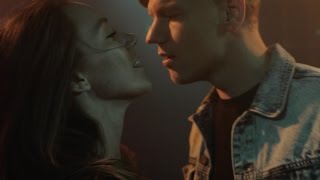 Pieter van der Zweep - Ik Laat Me Gaan (Officiële Videoclip)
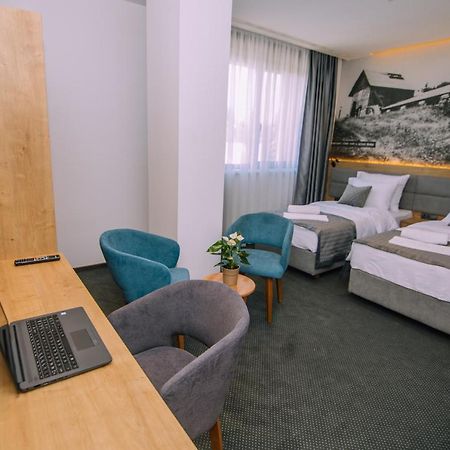 Hotel Salis Tuzla Exterior foto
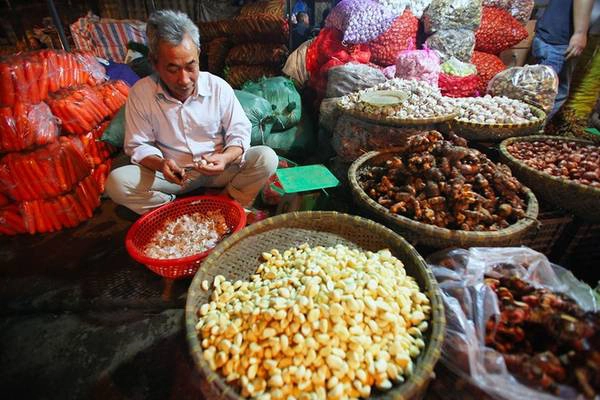 Chợ đầu mối Long Biên hội tụ hàng nông sản từ khắp nơi trong cả nước. Các gian hàng bán buôn và bán lẻ với số lượng lớn. Chợ đầu mối Long Biên hội tụ hàng nông sản từ khắp nơi trong cả nước. Các gian hàng bán buôn và bán lẻ với số lượng lớn.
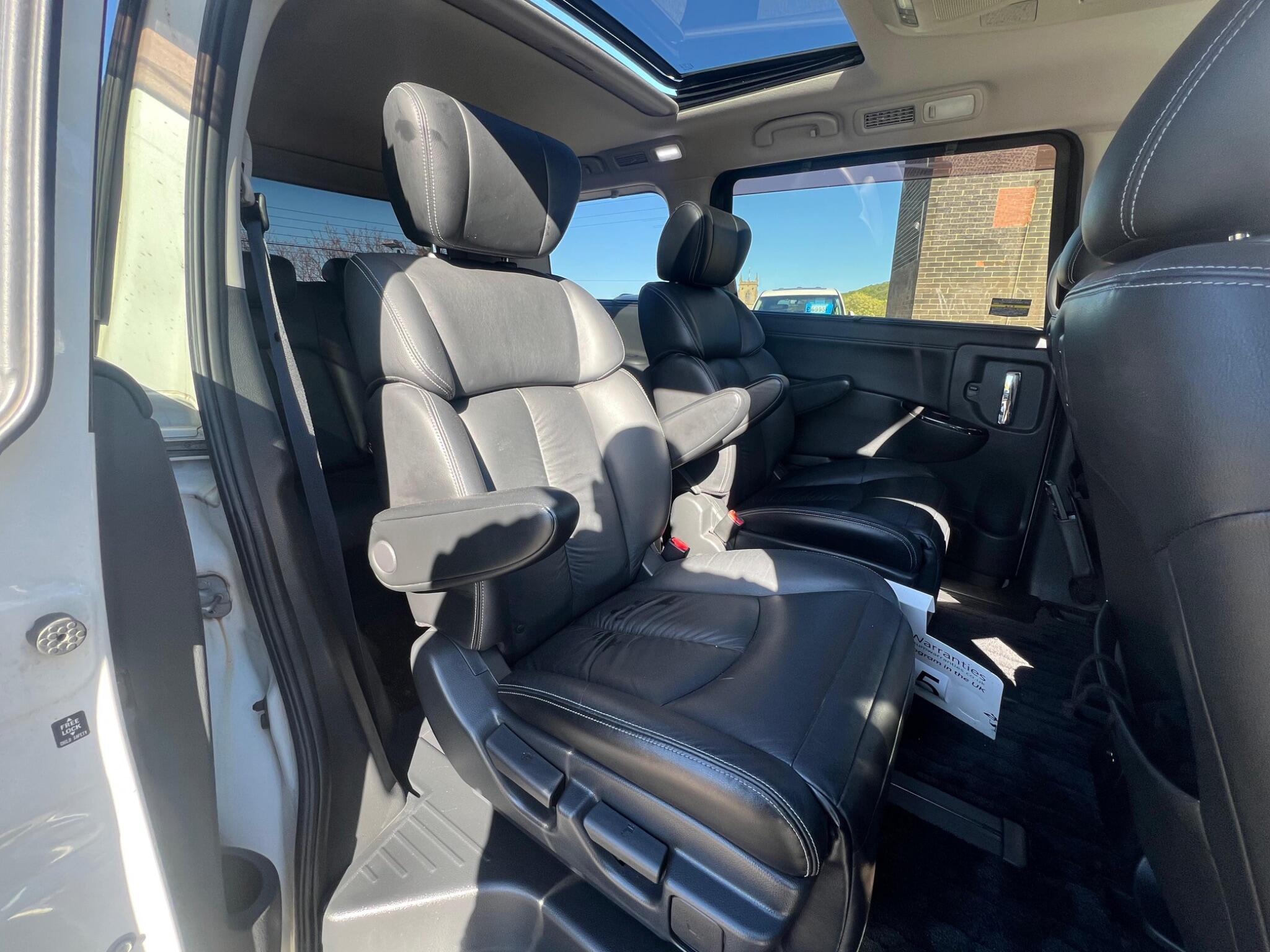 Nissan Elgrand - Image 11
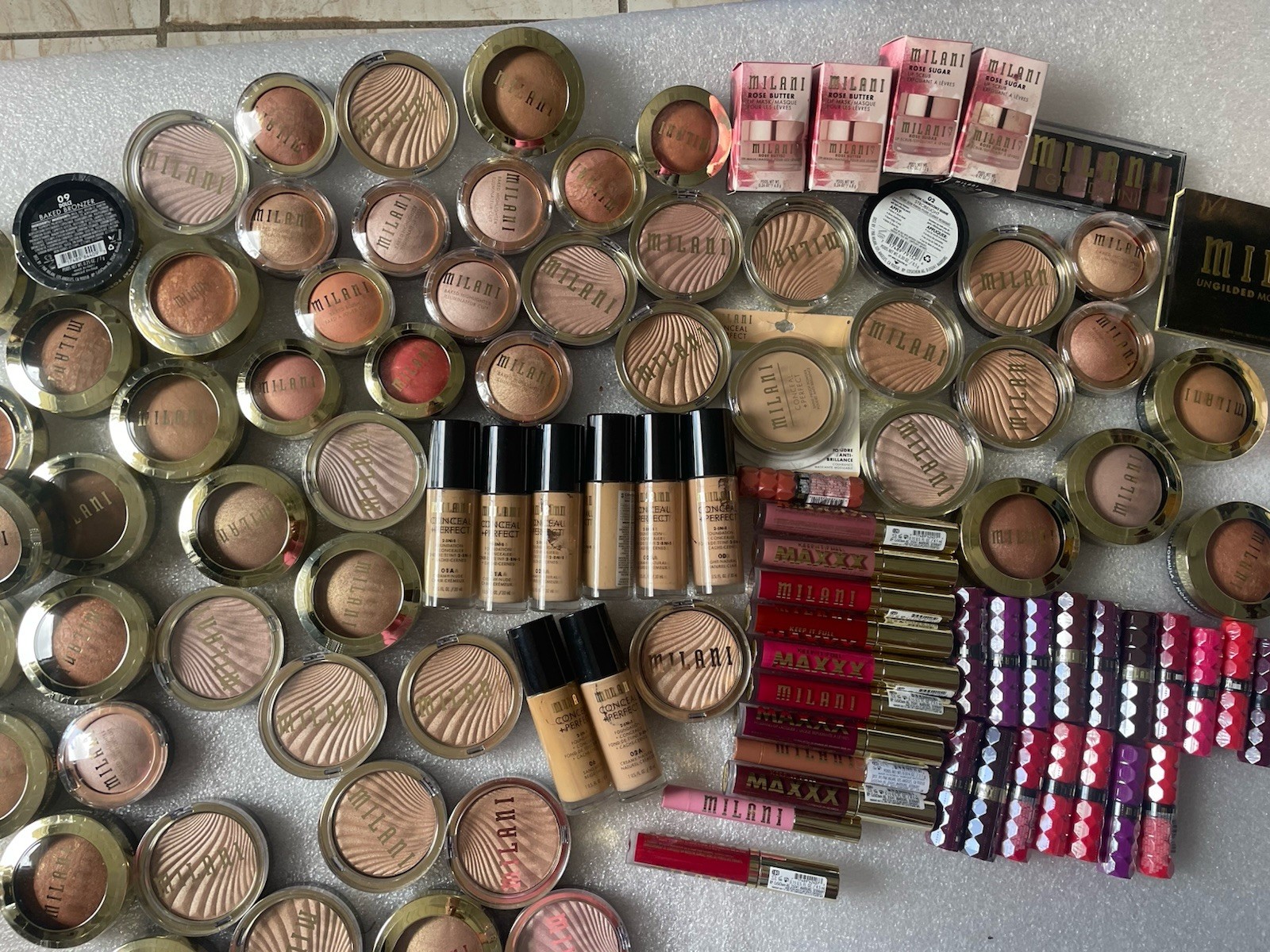 100 X Milani Mixed Lot Face, Lips.Eyes Baked Blush Powders, More View Clean Lot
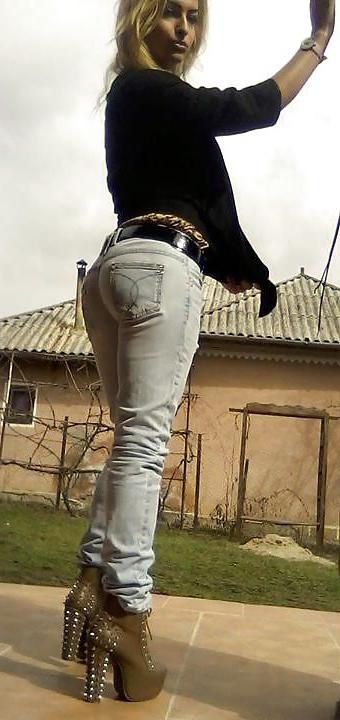 22P Romanian girl: Alina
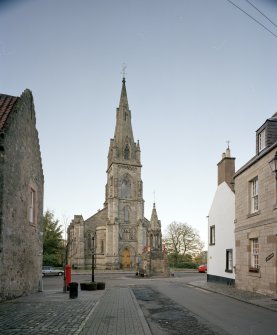 View from South rom Cross Wynd showing the church and memorial fountain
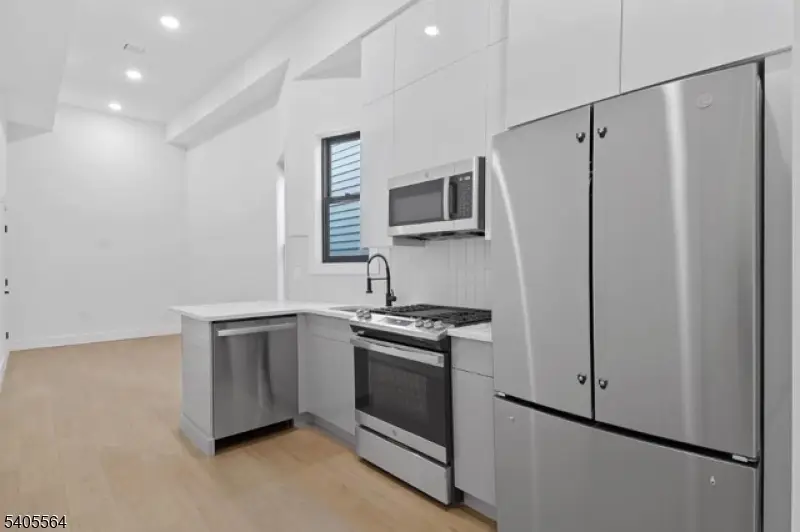 291 New York Ave #4, Jersey City, NJ 07307 - Image #2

◆ ◆ ◆ ◆ ◆

Work item: Everything above except the pictures needs to be reproduced exactly.

Result below:
 Pieter van der Zweep - Ik Laat Me Gaan (Officiële Videoclip)
 Hotel Salis Tuzla Exterior foto
 Chợ đầu mối Long Biên hội tụ hàng nông sản từ khắp nơi trong cả nước. Các gian hàng bán buôn và bán lẻ với số lượng lớn. Chợ đầu mối Long Biên hội tụ hàng nông sản từ khắp nơi trong cả nước. Các gian hàng bán buôn và bán lẻ với số lượng lớn.
 Nissan Elgrand - Image 11
 100 X Milani Mixed Lot Face, Lips.Eyes Baked Blush Powders, More View Clean Lot
 22P Romanian girl: Alina
 View from South rom Cross Wynd showing the church and memorial fountain
 291 New York Ave #4, Jersey City, NJ 07307 - Image #2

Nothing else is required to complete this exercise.